Theorizing that a Quantum Leap reboot could once again tackle social issues and provide hours of thought-provoking television, while also providing nostalgia-trips for the Millennial generation, Leah Schnelbach stepped into this article… and wrote a list of things she’d like to see in a new Quantum Leap.

 

1. Sam Beckett and Al Calavicci!

Quantum Leap Beauty Pageant

I know a few people are losing their minds at the word “reboot,” because it implies a Quantum Leap without Sam and Al, so let me begin here: Dr. Sam Beckett and Admiral Al “Bingo” Calavicci should definitely make appearances. According to Scott Bakula, Sam is still leaping around in time, so having him cross paths with a new Leaper makes sense, and would give a wonderful sense of continuity to a new show. And even though Admiral Al Calavicci is probably retired by now, he could still consult on Project Quantum Leap. I want to see how that fashion sense has evolved. Hell, maybe they could use a reboot to undo that finale…

 

2. A Leaper and Hologram Who Are Not Sam Beckett and Al Calavicci

Evil Leapers

When Joel Hodgson announced that MST3K was coming back with an all-new cast, many MSTies expressed concern. Likewise, the addition of agents Miller and Einstein to The X-Files was largely met with derision. So please understand that I am treading very cautiously here when I say that my theoretical Quantum Leap reboot would need a new Leaper. One of the problems with the original show is that it emphatically falls into a “white savior” pattern. Dr. Sam Beckett, the highly intelligent, handsome, able-bodied, heterosexual, extremely white male leaps into a whole array of people, learns about their pain, and fixes their problems. How great would it be if we had a woman of color leaping around? Or if the show tackled body dysmorphia issues head on by casting a trans actor? And I personally love Al’s womanizing persona (because all the leering is balanced by his ardent feminism) but how much fun would it be to gender swap that? Actually, we already know, because the show did it with Zoey, and it was great. Of course, my theoretical reboot is dependent on the idea that we find an actor who is as multifaceted (and game) as Scott Bakula.

 

3. More Comedy!

Quantum Leap "Stand Up"

I love that Quantum Leap is a Woobie of the Week show. And I would certainly want a new version to stay true to that mission. But… it would also be nice to exploit the fun side of leaping? The original Quantum Leap never really delved into Sam’s chances to live whole different lives, to see a new city or corner of the world, meet new people, learn new things. Did Sam ever leap into someone who lived in a city he’d always wanted to visit? Did he ever take a day off to go see the Golden Gate Bridge or the Metropolitan Museum of Art? Surely it won’t screw up the space time continuum if a new Leaper takes a day off and goes exploring.

 

4. Why Can I Only Travel Within My Own Lifetime, Again?
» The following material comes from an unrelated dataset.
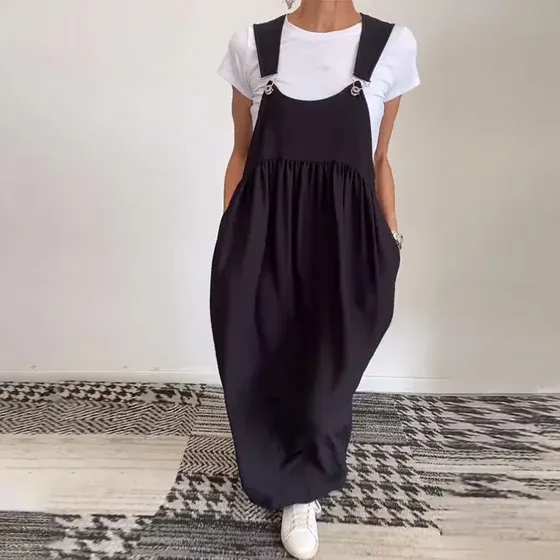 Lässiges Kleid mit einfarbigen Hosenträgern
Quantum Leap "The Leap Between the States"

They already tweaked this one by allowing Sam to leap into his own grandfather, but it would definitely be more fun to just dispense with it from the start. Quantum Leap is already some seriously handwavy sci-fi, so why bother with the arbitrary rule? As much as I’d like Xers and Millennials to get a shot at the same nostalgia-fest that the Boomers got through the original series, it would also be fun to allow a Leaper to bounce all over time, Doctor Who-style.

 

5. Take Us Back to the Future!

Project Quantum Leap

I’ll admit that I may be in the minority here, but I remember watching Quantum Leap and being disappointed that we didn’t get to see more of Project Quantum Leap. I always wanted Sam to leap home more often, and I really wanted to see more of Al’s swingin’ life in that absurdly neon-lit future New Mexico. Since the original episodes were set in 1999 (barely a decade beyond the show’s premiere) a reboot would need to do the same, but would probably want to push a little further into the future, and maybe make it look slightly less like the ’80s this time around?

 

6. You Got Your Religion in My Science!

Quantum Leap "Future Boy"

You may have noticed that I described Quantum Leap’s relationship to sci-fi as handwavy, and this is certainly the case. The show used fuzzy spirituality and possibly-even-fuzzier science in equal measure. This made sense in the early ’90s, when sci-fi was still considered a fringe topic, ‘nerd’ was still a pejorative, and a particularly mushy type of New Age thought permeated pop culture. But a reboot would be taking place in our far more SFF-friendly world. We are the children of Quantum Leap, in the same way that Sam Beckett is the child of “Time Patrol”, and it’s only natural that a reboot would get more of its science straight. Plus, it took Sam Beckett about five minutes to accept the idea that God/Fate/Time/Whatever had hijacked his scientific experiment, but how much more interesting would it be if the new leaper, or the scientists back home, rejected the project’s spiritual component, and fought with Whatever was leaping her around?

 

7. Trauma! Trauma Everywhere!

Quantum Leap "The Leap Home"

Over the course of Quantum Leap, while Sam and Al returned to personal issues in many episodes, the show acknowledged much bigger cultural wounds: the Vietnam War, the Kennedy Assassination, Jim Crow laws, race riots, etc. But as the seasons rolled on it didn’t restrict itself to pre-1960s problems, it also looked at homophobia, rape culture, bullying, and all sorts of other issues. It came back to violence constantly: rather than settle for the standard rah-rah militarism of 1980s culture, Quantum Leap presented Vietnam as a national trauma, and gave us a hero who was essentially a pacifist, but who respected the use of force when he thought it was necessary. Rather than give us an occasional episode about race or gender, it came back to them again and again. Imagine a reboot of the show exploring the ongoing wars in the Middle East, the threat of terrorism, the aftermath of Katrina and 9/11, marriage equality, Black Lives Matter… basically, engaging with the fallout of that ’60s Boomer activism, and using the same political=personal technique? In the same way that the new X-Files season tried to speak to modern paranoia and conspiracy theories, a modern Quantum Leap could bring some vital stories to television.

 

OK, those are my thoughts, now tell me yours! Is a reboot a terrible idea from the outset? Have I missed something you’d love to see? I suppose I should add the caveat that this premise only works if we take a note from The X-Files, and keep the original theme song. That sucker’s classic.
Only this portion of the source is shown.